The Florida Project is one of those movies that I quickly forget is something with a script and actors and production design and direction, because it just feels so very, very real. Unvarnished. Piercingly credible. There are scenes that made me anxious in a manner so different than the usual movie tension, because I know these sorts of arguments, I know how this goes, because this is real in a gut-wrenching way, in an inevitable, undertow kind of way, in a pure and funny and awful way.
The central characters, a 6-year-old girl and her 24-year-old mom, are played by two people who had never acted in a movie before. This is completely insane and also probably the only way it could ever have been filmed.
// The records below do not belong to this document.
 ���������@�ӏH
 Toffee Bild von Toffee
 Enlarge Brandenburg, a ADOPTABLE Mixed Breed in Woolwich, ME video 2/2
I can’t imagine any actress, no matter how trained, being able to access the role Bria Vinaite inhabits in this movie, just knows how to inhabit, with every right instinct for how Halley would be, who Halley is. And only a girl as little as Brooklynn Prince has the kind of innocent fearlessness to throw herself wholly into these scenes, just living as Moonee. Moonee treats the world as her playground, and Brooklynn Prince treats her film set the same way.
The only experienced actor in this movie, playing, with a bit of metafilmic beauty, the Only Adult In the Room, is the wonderful Willem Dafoe. He is the perfect complement to the rest of the cast: a pillar of tested strength, a foil, a masterclass of method. Worth the price of admission: the moment where Willem Dafoe has three sandhill cranes for scene partners, and of course nails it.
I think ultimately what is most astonishing and good and special about The Florida Project is all that it shows. It shows lives we rarely see on screen, and in the process shows what movies can be: honest, empathetic, and utterly, impossibly real.